Kit No. ?
Decals: One version – Luftwaffe trainer
Comments: Historically significant kit, but limited run crude injection molding
In the early 1930’s, Germany was in need of a light sport aircraft that could double as a military trainer. To avoid an obvious violation of the Treaty of Versailles, which prohibited Germany from rebuilding an air force, the German government began to invest in over-seas companies such as SAAB, a Swedish subsidiary of the Heinkel company, then managed by Carl Clemens Bücker. Once it was obvious this plan wasn´t working out, Germany started acting more openly and moved the manufacture of aircraft back to Germany. Bücker moved back to his native country and brought Anders Andersson, a Swedish engineer at SAAB, with him.
Rather than working again for Heinkel, and foreseeing what was about to take place in Germany, Bücker decided to start his own company, ‘Bücker Flugzeugbau GmbH’ . Within six months of the requirements for a new powered trainer being issued, Anders Andersson had the prototype Bü 131A ‘Jungmann’, registered D-3150 and powered by a 80HP Hirth HM-60R, ready for its test flight. A light aerobatic biplane, with two seats in tandem, its construction incorporated the most innovative techniques.

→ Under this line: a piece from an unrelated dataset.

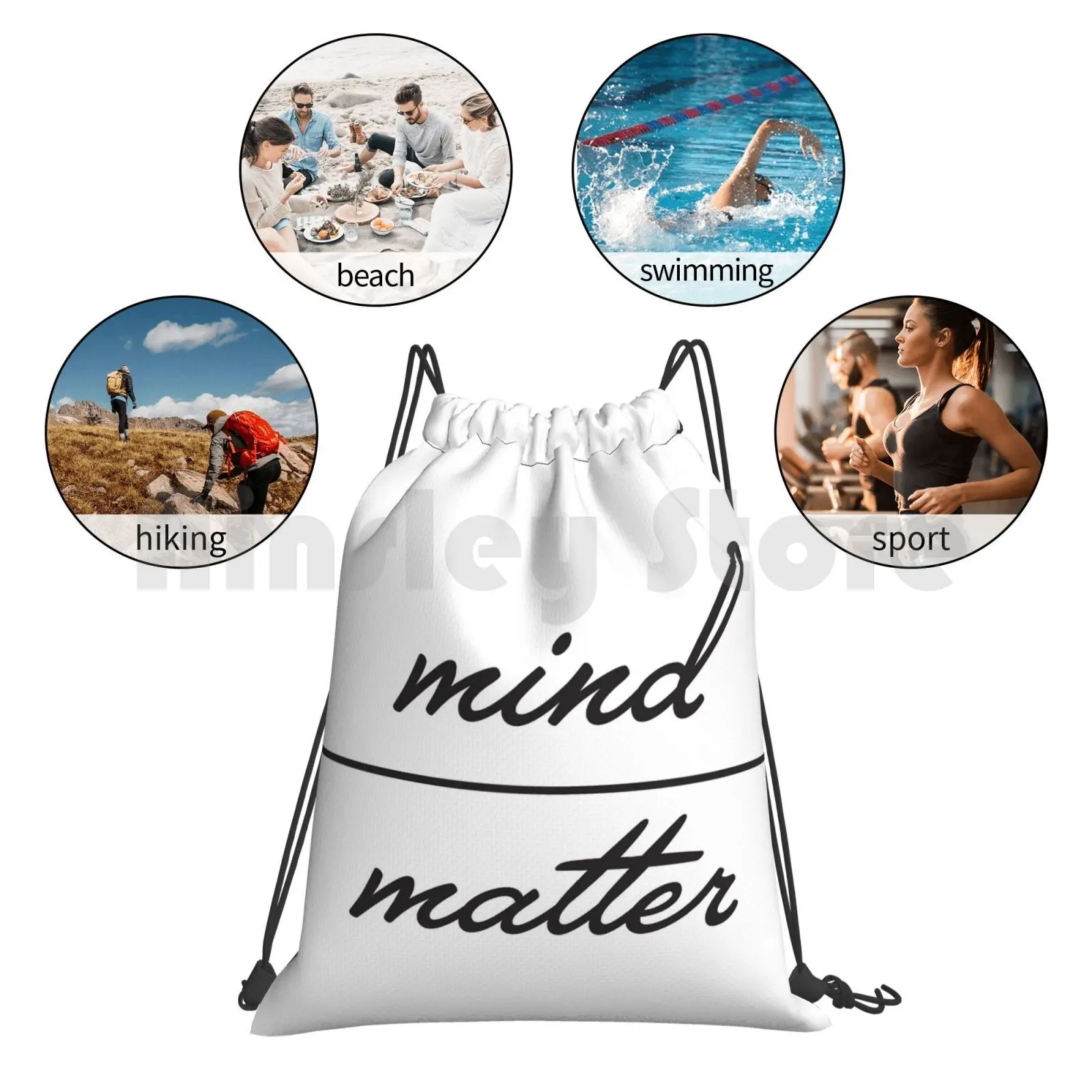 Young The Giant Mind Over Matter Backpack Drawstring Bags Gym Bag Waterproof Young The Giant Young Giant Mind Over Matter images - 6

The Bucker 131 “Jungmann” (translation: Young man) was an important German trainer of the 1930’s, and was a contemporary of the Morane 230 in terms of its period of service as well the uses to which the design lent itself – aerobatics as well as pilot training. The prototype first flew on April 27, 1933 – just over 3 months after Adolf Hitler came to power – and the Bu 131 later figured prominently in Nazi Germany’s Luftwaffe, having been the aircraft on which so many of its pilots received their initial training.
MPM’s Bucker Bu 131 kit consists of 29 injection molded brown and white plastic parts, and a clear vacuform windscreen. Overall it is crudely molded with very little detail, but surprisingly the fuselage bears engraved panel lines – as do the wings, for the ailerons. The propeller bears no shaft and is simply glued onto the leading section of the engine cowling. The cockpit interior includes seats, rudder pedals and control columns for the pilot instructor and student, but there are only blank tabs for the instrument panels with neither decals nor raised, molded panel detail.

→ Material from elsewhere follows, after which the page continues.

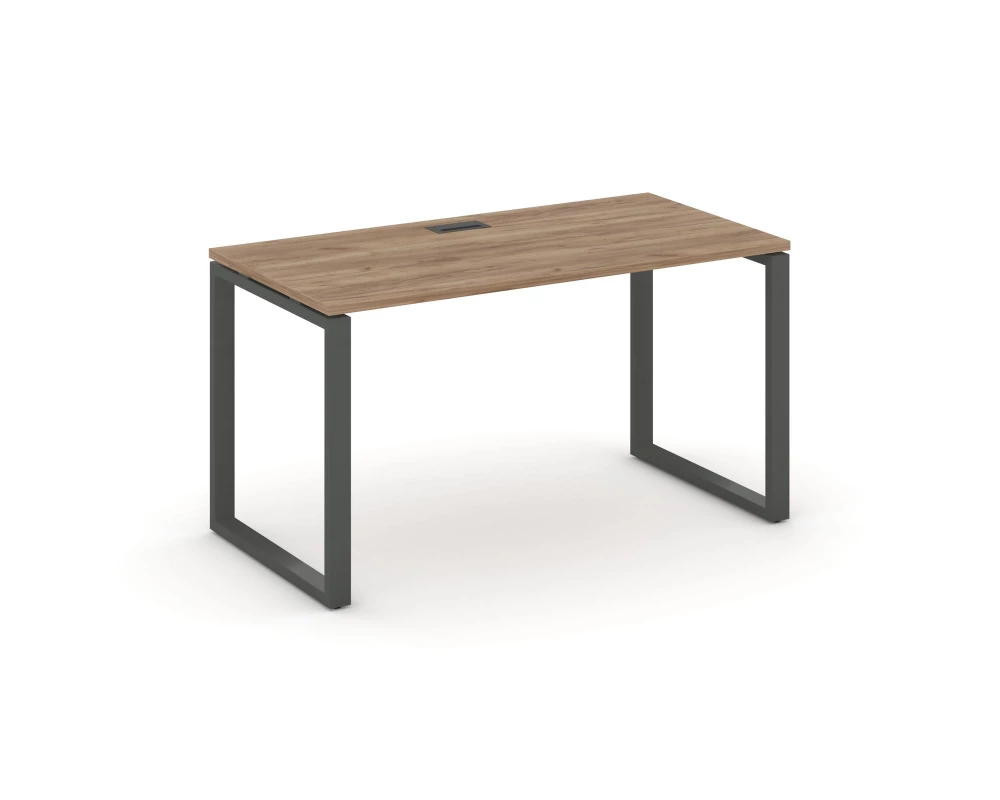 Стол письменный на О-образном каркасе 60 мм 1580x700x750 Стайл Проджект / Style Project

There is no copyright date on the kit, but based on its simplicity, it appears to be a relatively old MPM effort , albeit with very attractive box art. On the plus side, the crudeness of the kit leads one to expect ruggedness, and there should be little trouble attaching the upper wing – the typically difficult stage of model biplane construction. The decals are glossy and slightly yellowed, and appear to have been manufactured with a slight residue that may affect their final appearance.
While the instructions show two versions of decals — one for a Luftwaffe trainer bearing German crosses and swastikas, although the latter are broken up into two parts each, and one for a trainer of the Czech Air Force – only the German markings are provided in the kit. The heart of the instructions consist of a single, large exploded drawing, and thankfully include instructions on rigging the support wires.
I am glad to recommend this kit due to its historical significance and relative rarity, but it is rather simple and will only become what the modeler is able to make of it. Kudos to MPM for bringing forth this rare offering.